His voice followed after them as they left the building, stepping from the darkened room into the bright light.
Prospero stopped and looked at Ellie. “Will he be trapped there?”
“No. It’ll fade in about five minutes,” Ellie said, plucking a few stray feathers from her wife’s vest and one from her cleavage. “I guess I just… overreacted. I didn’t like his tone, and then he reached for you and—”
“Thank you.” Prospero lifted one hand to cup Ellie’s face. “You made me feel like I matter.”
Later Ellie could think about how she felt about her wife’s planned assassination of several witches. Right now, she couldn’t dwell long on that or on her own vicious streak. Being a witch had gifted her with a terrible power, and how well she managed that new power was a challenge no one had warned her she’d face.
For all the talk of staying or going, new houses, figuring out where she fit, protecting Crenshaw, and the why and ways of magic, the most alarming thing of all was turning out to be her own self-control.
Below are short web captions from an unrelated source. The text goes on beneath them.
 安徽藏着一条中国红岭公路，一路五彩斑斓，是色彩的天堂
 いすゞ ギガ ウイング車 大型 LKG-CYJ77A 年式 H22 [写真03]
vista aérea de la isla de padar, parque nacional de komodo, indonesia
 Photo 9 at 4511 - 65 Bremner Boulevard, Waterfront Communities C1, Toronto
Her magic had become an extension of her will, and it was easy to see how the right—or wrong—sort of magic could be a deadly temptation.
After a lifetime without power, having it now is a heady thing.
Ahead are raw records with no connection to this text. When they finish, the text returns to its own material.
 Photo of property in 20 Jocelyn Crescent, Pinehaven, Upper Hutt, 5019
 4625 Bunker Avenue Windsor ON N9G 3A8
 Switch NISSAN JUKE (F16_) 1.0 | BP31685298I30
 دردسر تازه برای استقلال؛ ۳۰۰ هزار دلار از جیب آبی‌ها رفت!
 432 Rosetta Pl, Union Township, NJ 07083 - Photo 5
“I suspect I may not be the scariest witch in Crenshaw anymore, love,” Prospero said quietly.
“Does that truly bother you?” Ellie asked hesitantly. She didn’t feel like a monster, but the drive to protect Prospero had been all-consuming. “That I can be menacing…?”
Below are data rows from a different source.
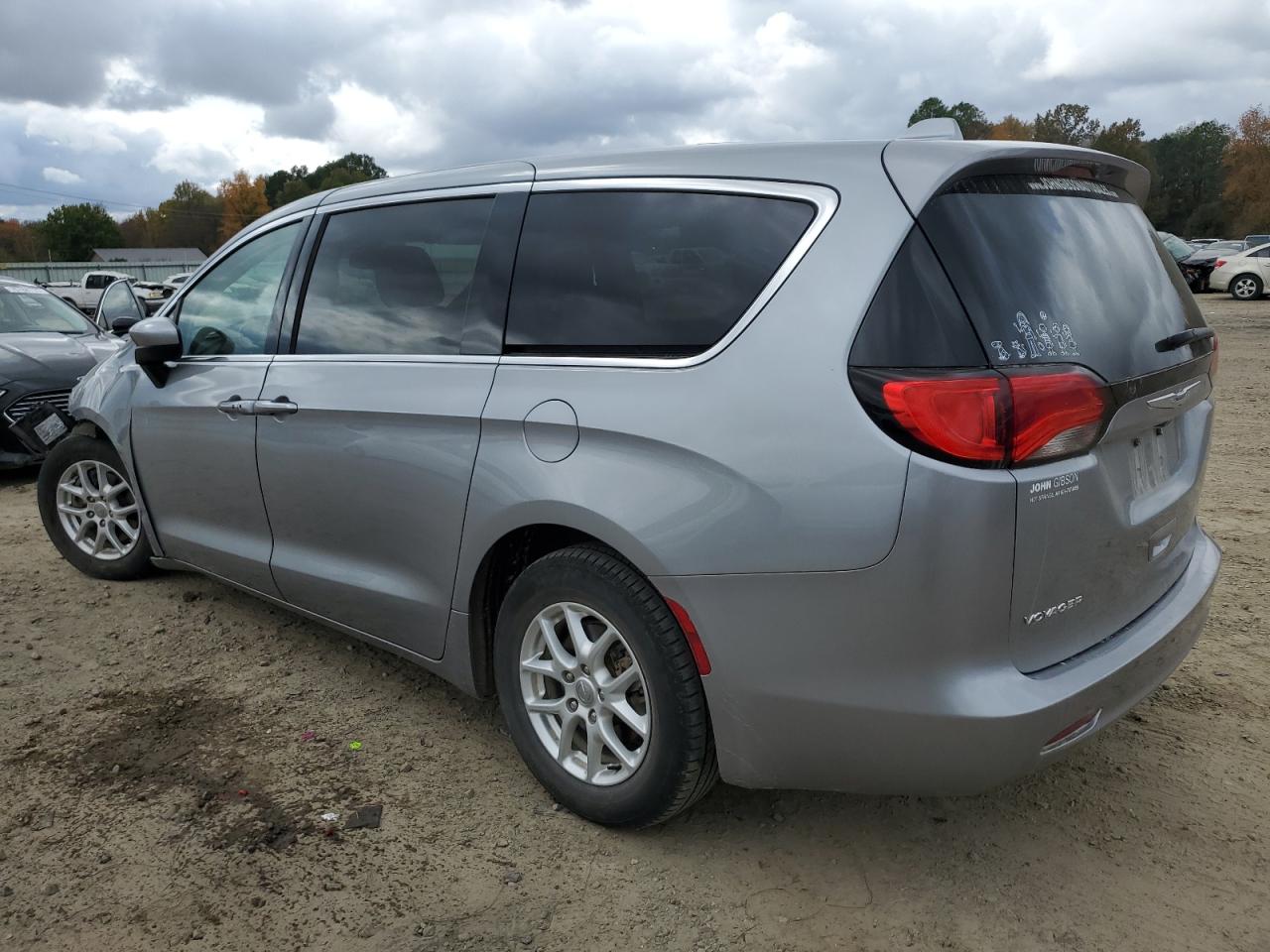Изображение 2 2020 CHRYSLER VOYAGER LX 2020 с VIN 2C4RC1CG6LR252651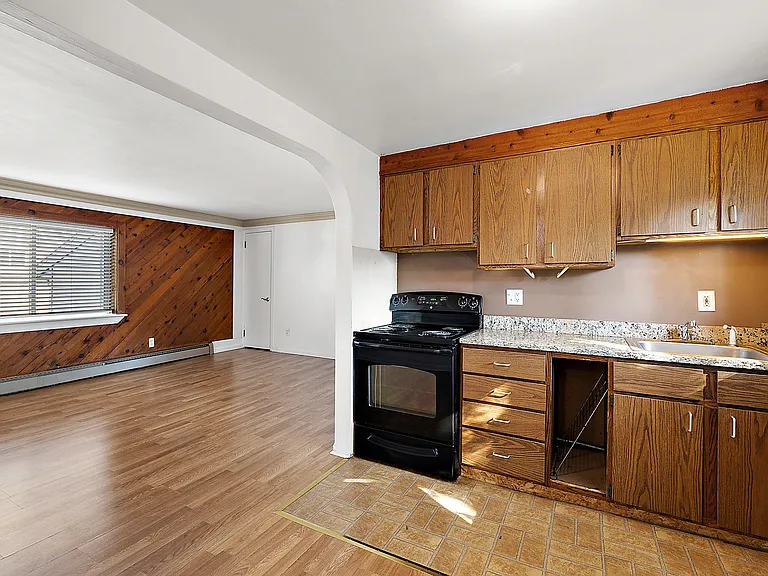 26324 Harper Ave #4 — Photo 10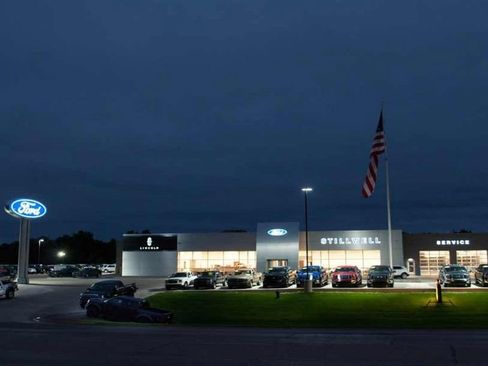 Used 2020 Ford Ranger Lariat w/ Bed Utility Package image 2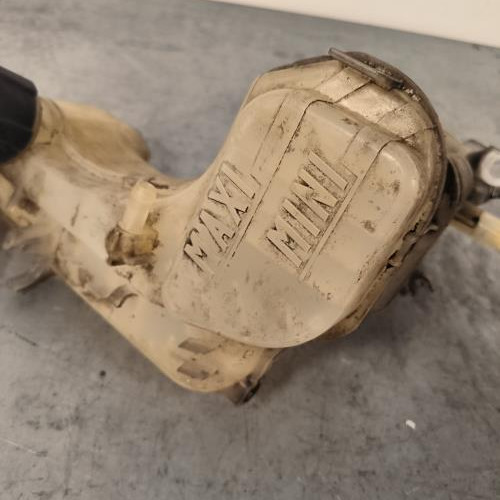 111309318-3b473b5f-d6c8-410e-b650-50afc8fdd279-Piece-Vase-dexpansion-217100014R-RENAULT-LAGUNA-3-PHASE-1-584487cdf3c687a146d119d7090b43b7c134cc12b01a96c9dace2b0e23c485d8_m.jpg
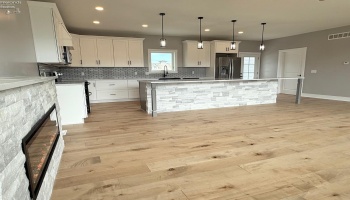 10556 Bayshore Road, Marblehead, 43440, 4 Bedrooms Bedrooms, ,3 BathroomsBathrooms,Residential,For Sale,Bayshore,20251850
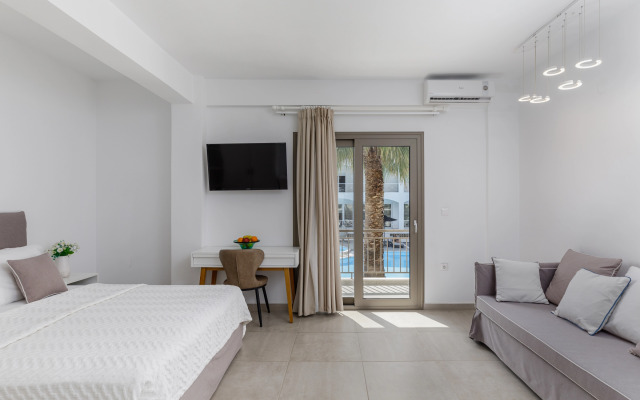 Stavros Beach Hotel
“Only if you remember everything and leave me,” Prospero said lightly. “Or worse. I’d hate to be your enemy, Miss Brandeau. I’m terrified of it.”
“So talk to me,” Ellie pleaded.
“I have followed the rules of Crenshaw longer than you’ve been alive,” Prospero said. “I broke them. For you. Because of you.”
“Once more then?”
“Has anyone told you that you are not one of the better angels, love?” Prospero asked wryly. “You tempt me to break every rule that I live by.…”
And for the first time, Ellie wondered if it might not be best that she not recall whatever had pushed them apart. Her temper was not traditionally monstrous, but with this power she now had… maybe that had changed a bit.